┌────────

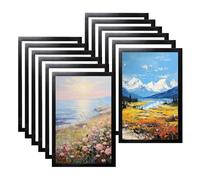 WUBAYI Lot de 12 cadres photo magnétiques A4 - Autocollants - Étanches - Transparents - Pour peintures, photos, avis, certificats, affiches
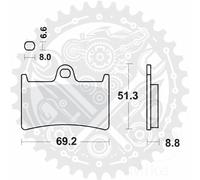 MCB611SCR TRW Brake Pads Sintered Carbon SCR Fits Yamaha FZ6 S2 600 2007-2010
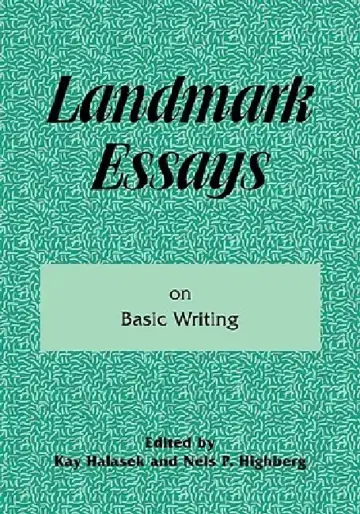 Cover of Landmark Essays on Basic Writing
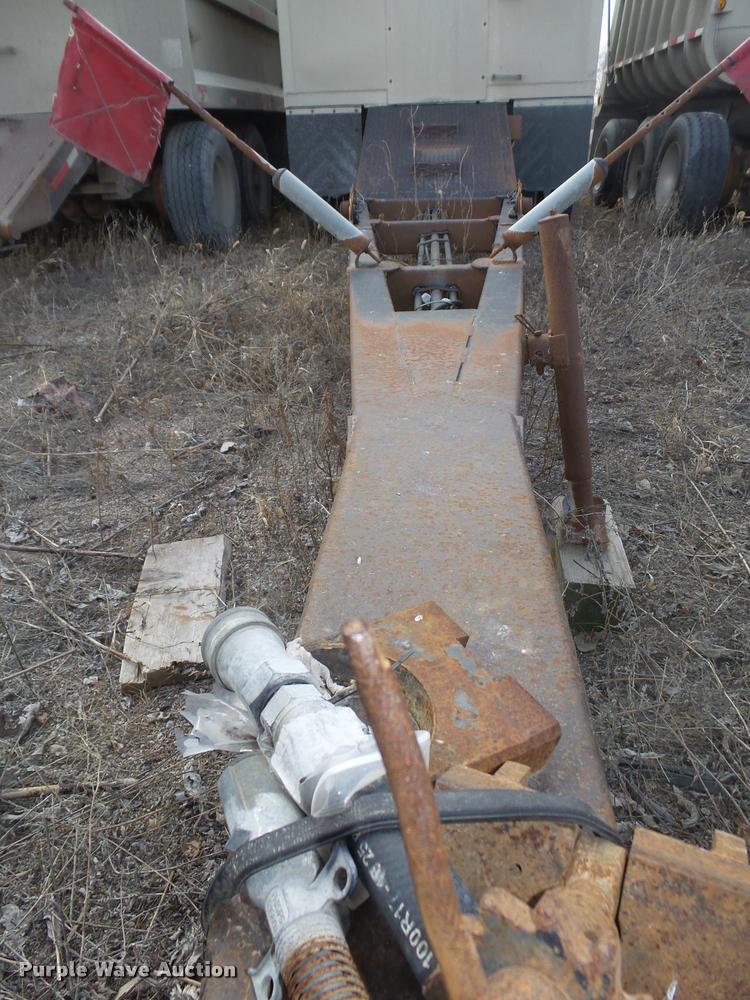 image for item L4244 1990 Cornhusker end dump pup trailer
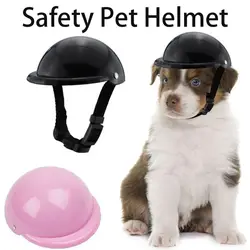 New Ctue Adjustable Safety Pet Cap ABS Dog Helmets Fashion Pet Protect Ridding Cap for Pet Motorcycles Bike Sun Rain Protection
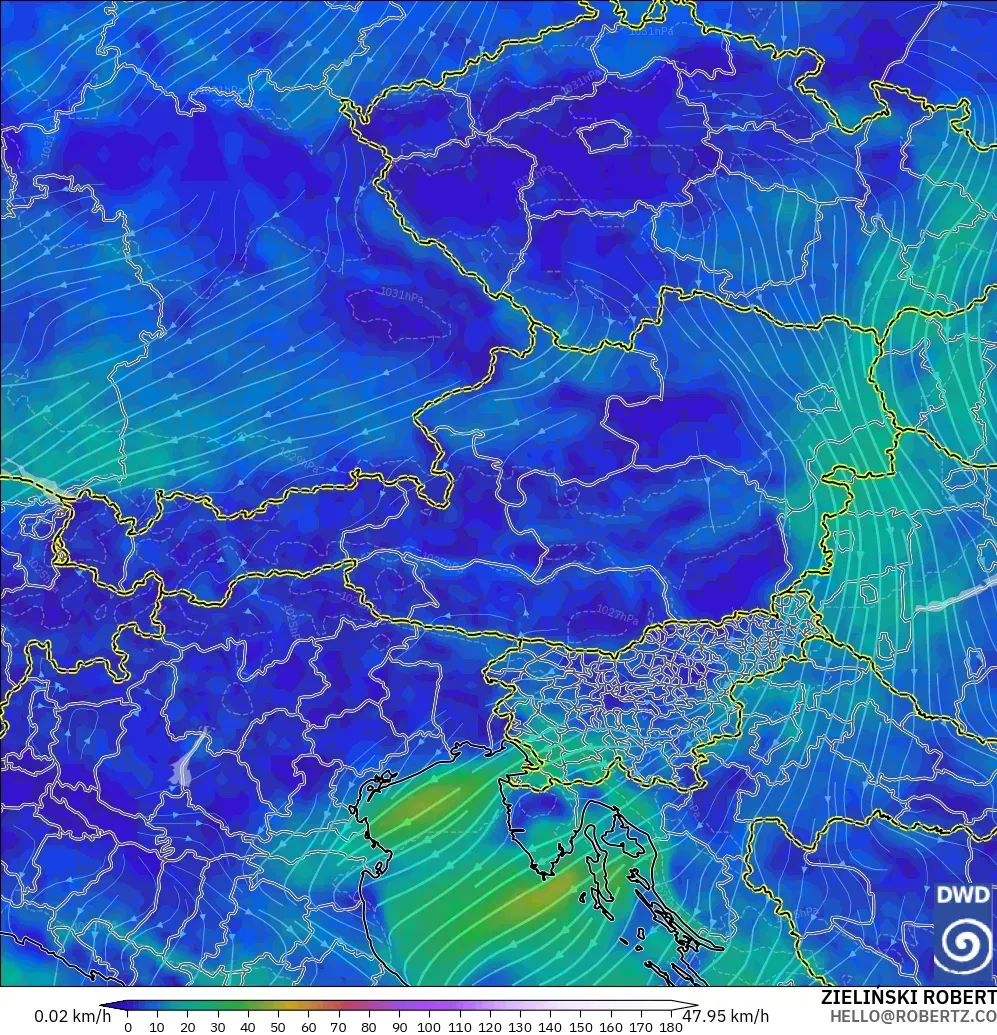 ICON model - Avusturya, 10 m Rüzgâr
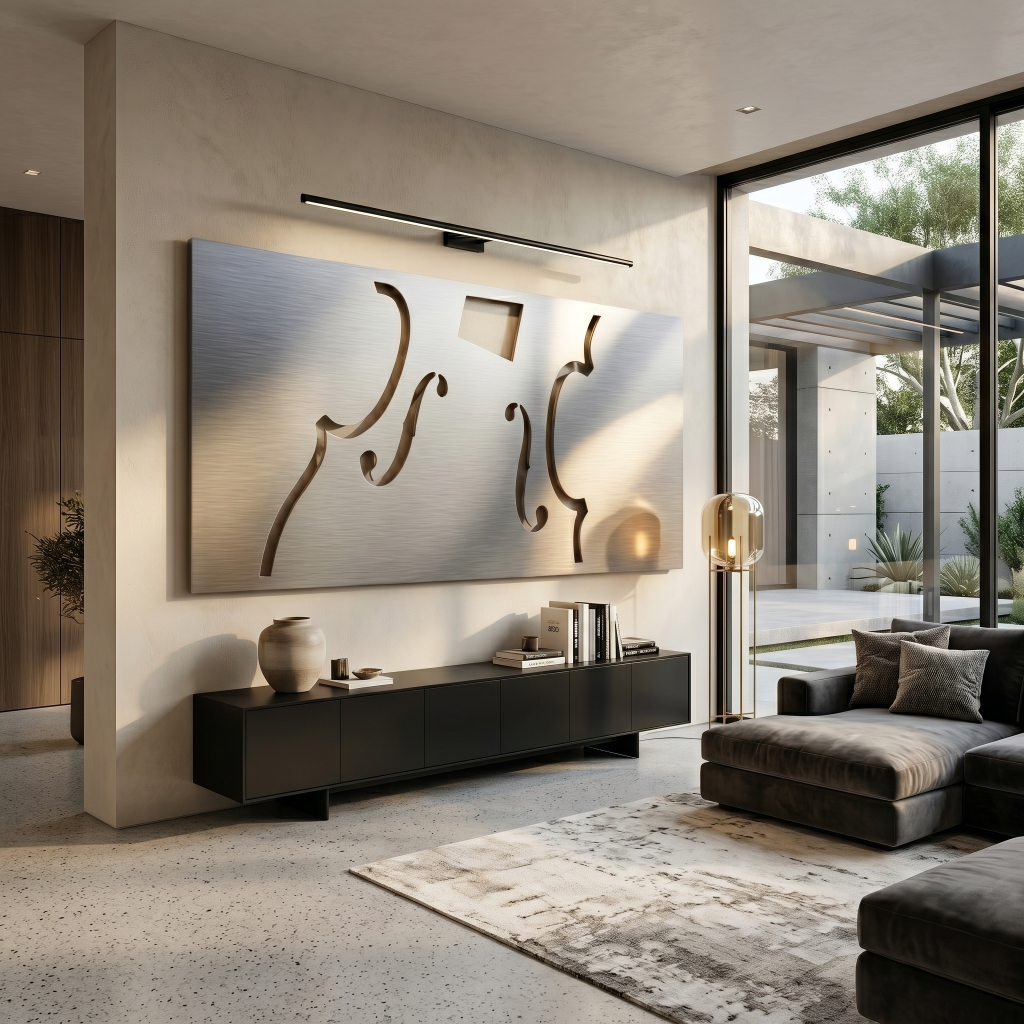 The Fiddle - Metal Wall Art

└────────

Task statement:
Would you retype every line shown above exactly, leaving the pictures aside?

Reply to the exercise:
 WUBAYI Lot de 12 cadres photo magnétiques A4 - Autocollants - Étanches - Transparents - Pour peintures, photos, avis, certificats, affiches
 MCB611SCR TRW Brake Pads Sintered Carbon SCR Fits Yamaha FZ6 S2 600 2007-2010
 Cover of Landmark Essays on Basic Writing
 image for item L4244 1990 Cornhusker end dump pup trailer
 New Ctue Adjustable Safety Pet Cap ABS Dog Helmets Fashion Pet Protect Ridding Cap for Pet Motorcycles Bike Sun Rain Protection
 ICON model - Avusturya, 10 m Rüzgâr
 The Fiddle - Metal Wall Art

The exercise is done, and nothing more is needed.